━━━ Data under study ━━━
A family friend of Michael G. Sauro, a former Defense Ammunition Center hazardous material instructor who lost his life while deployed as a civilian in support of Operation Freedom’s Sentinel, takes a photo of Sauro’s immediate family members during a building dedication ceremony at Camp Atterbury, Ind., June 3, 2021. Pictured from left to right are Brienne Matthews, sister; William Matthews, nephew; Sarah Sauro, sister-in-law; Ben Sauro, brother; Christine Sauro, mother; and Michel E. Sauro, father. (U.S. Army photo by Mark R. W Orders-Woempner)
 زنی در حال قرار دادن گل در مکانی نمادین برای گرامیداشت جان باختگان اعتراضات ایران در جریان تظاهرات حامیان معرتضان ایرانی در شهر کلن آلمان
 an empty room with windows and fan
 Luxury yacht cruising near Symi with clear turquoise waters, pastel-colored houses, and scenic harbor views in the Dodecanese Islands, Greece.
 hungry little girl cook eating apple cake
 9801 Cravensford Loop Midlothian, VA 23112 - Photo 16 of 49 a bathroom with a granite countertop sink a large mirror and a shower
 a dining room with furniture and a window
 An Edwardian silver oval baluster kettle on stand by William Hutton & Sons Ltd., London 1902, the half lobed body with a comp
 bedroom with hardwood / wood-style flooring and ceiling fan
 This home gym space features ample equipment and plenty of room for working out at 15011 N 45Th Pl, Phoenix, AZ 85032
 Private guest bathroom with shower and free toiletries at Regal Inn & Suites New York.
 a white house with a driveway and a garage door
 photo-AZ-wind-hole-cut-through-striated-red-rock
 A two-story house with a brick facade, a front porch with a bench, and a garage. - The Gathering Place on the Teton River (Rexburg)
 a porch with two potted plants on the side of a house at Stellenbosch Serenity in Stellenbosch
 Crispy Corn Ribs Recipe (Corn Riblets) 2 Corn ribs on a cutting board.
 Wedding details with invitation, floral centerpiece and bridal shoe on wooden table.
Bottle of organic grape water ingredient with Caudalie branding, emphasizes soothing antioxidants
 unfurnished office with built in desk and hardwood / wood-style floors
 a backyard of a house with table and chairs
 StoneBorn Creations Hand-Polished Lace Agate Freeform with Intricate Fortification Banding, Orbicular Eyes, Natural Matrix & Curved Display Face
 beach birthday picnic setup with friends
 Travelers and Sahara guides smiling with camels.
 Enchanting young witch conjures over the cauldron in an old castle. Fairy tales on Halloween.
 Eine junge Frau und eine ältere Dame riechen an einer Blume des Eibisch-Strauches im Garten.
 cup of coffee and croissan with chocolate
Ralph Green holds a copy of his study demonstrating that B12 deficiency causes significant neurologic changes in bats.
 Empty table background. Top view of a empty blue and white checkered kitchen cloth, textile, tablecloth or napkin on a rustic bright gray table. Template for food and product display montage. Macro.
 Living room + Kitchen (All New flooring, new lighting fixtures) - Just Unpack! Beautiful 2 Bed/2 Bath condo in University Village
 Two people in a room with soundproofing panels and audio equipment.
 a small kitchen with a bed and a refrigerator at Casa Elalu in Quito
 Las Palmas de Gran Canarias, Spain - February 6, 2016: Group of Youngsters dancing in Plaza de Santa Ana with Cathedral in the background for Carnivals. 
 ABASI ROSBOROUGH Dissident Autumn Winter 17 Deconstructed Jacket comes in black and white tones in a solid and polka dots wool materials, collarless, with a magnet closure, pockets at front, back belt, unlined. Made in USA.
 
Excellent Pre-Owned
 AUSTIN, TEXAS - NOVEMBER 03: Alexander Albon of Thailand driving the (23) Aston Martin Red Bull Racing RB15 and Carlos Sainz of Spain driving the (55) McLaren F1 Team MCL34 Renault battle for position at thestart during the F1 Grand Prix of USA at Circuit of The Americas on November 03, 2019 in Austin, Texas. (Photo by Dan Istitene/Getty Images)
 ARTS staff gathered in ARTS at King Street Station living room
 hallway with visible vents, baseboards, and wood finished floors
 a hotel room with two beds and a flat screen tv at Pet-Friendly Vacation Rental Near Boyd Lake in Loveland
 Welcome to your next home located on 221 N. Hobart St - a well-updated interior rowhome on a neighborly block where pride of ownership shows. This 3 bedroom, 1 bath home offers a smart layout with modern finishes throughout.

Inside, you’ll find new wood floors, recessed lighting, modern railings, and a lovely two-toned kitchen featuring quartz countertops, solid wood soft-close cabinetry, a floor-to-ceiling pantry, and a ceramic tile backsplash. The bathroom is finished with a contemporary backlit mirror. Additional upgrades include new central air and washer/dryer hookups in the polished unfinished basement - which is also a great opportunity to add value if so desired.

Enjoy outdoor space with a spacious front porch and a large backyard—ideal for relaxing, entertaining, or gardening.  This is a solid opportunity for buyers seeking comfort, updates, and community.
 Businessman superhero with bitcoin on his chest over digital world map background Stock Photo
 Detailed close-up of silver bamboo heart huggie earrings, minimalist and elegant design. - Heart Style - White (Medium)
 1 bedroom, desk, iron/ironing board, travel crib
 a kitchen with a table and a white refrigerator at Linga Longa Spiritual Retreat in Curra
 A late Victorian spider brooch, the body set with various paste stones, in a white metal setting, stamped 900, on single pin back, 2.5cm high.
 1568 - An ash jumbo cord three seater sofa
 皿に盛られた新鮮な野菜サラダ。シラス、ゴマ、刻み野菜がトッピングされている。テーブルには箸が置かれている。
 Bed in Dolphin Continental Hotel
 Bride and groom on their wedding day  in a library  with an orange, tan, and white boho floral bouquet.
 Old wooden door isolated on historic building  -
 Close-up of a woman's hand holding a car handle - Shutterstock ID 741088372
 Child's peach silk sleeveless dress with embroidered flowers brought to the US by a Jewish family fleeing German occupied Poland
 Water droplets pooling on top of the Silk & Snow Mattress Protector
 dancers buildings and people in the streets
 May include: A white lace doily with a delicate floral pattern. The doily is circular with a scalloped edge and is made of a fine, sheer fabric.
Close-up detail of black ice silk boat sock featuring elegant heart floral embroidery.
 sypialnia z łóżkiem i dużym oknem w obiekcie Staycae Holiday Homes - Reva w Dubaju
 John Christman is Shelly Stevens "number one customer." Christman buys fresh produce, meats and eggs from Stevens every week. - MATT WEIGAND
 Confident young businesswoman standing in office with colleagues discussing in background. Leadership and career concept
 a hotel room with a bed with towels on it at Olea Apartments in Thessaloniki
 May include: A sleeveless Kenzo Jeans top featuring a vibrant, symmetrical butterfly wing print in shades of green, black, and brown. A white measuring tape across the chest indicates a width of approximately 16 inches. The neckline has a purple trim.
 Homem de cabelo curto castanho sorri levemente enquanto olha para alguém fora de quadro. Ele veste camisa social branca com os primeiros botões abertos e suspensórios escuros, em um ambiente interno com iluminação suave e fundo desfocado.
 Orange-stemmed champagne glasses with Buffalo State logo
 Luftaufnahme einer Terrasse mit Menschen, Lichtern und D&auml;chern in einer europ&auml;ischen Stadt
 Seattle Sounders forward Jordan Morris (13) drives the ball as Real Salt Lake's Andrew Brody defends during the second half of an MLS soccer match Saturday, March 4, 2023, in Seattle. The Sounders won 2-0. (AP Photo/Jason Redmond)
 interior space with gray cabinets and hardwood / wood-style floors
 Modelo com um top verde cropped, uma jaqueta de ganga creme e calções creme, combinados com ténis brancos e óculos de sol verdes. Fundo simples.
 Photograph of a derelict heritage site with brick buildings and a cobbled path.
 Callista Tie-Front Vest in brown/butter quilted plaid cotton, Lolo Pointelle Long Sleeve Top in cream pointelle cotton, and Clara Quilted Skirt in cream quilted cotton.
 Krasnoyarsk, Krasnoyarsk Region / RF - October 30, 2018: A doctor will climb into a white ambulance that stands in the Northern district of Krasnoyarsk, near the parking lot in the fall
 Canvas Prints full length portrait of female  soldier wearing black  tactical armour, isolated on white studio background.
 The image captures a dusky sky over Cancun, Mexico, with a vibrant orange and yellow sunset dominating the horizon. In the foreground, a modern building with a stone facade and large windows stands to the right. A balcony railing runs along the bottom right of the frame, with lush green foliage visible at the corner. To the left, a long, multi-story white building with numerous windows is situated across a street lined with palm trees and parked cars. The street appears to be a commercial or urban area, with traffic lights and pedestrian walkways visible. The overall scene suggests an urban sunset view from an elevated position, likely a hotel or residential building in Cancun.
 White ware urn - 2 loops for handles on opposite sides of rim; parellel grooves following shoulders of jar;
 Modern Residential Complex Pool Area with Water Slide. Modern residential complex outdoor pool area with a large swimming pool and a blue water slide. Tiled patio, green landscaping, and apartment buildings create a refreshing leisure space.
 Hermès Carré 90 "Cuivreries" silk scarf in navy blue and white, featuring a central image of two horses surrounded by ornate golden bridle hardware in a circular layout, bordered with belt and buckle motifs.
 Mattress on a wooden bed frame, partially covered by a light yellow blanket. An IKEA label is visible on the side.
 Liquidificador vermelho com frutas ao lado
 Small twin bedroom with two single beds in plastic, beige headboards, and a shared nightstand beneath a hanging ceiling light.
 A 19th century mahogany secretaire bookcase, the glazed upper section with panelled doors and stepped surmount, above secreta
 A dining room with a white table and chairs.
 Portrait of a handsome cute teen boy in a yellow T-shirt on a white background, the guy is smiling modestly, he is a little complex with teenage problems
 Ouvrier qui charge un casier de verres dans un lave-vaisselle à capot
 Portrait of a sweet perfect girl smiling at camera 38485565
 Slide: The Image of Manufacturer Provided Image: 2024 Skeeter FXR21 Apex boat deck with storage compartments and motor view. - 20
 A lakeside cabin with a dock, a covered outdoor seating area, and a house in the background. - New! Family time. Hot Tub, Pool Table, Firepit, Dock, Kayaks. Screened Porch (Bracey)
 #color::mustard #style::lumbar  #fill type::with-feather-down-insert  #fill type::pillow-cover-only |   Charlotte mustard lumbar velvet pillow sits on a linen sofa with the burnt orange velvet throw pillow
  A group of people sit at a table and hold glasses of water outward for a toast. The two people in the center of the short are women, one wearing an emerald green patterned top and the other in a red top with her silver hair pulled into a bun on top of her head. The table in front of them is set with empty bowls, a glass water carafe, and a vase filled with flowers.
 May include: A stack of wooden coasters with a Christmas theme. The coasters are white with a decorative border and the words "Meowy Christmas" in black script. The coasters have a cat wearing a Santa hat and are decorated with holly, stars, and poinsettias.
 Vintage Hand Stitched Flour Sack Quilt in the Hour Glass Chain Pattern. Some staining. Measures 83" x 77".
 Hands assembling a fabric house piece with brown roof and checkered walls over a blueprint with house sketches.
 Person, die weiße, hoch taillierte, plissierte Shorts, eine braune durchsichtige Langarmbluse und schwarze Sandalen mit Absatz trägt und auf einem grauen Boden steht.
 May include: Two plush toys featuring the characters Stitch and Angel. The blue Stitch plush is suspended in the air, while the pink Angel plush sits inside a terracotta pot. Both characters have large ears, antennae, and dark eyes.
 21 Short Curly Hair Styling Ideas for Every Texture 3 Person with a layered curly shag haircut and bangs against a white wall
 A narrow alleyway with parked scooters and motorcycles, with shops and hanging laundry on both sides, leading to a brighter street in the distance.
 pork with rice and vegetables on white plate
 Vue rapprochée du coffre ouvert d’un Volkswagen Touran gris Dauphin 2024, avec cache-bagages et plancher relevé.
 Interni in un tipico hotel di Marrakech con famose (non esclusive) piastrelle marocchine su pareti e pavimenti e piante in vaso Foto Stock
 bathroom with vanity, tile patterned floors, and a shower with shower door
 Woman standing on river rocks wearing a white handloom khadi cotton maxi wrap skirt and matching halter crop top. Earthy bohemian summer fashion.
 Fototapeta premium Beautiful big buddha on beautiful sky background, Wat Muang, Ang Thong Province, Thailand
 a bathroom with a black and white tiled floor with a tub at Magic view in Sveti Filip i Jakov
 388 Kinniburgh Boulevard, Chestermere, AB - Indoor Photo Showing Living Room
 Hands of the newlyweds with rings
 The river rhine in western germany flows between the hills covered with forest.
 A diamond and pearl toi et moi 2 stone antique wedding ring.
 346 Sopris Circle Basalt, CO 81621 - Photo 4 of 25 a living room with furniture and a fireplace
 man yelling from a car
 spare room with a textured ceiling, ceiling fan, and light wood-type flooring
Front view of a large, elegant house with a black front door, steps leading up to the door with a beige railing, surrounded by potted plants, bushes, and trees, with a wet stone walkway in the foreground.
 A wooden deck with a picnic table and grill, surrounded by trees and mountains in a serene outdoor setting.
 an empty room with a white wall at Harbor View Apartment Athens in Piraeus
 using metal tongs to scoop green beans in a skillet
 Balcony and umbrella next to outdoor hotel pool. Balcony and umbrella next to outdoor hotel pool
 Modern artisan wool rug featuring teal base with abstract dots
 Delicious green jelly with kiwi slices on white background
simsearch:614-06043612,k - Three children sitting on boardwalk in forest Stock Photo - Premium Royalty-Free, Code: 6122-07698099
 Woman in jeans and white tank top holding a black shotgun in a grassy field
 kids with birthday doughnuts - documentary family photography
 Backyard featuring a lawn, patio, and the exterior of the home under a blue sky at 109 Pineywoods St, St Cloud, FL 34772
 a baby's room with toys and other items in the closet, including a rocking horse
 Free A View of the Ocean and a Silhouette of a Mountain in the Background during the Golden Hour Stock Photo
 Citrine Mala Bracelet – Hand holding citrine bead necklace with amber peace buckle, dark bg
━━━
▶ _Task brief_:
Count the lines in the data that contain the string "type", and give nothing but that number.

▶ _Exercise answer_:
2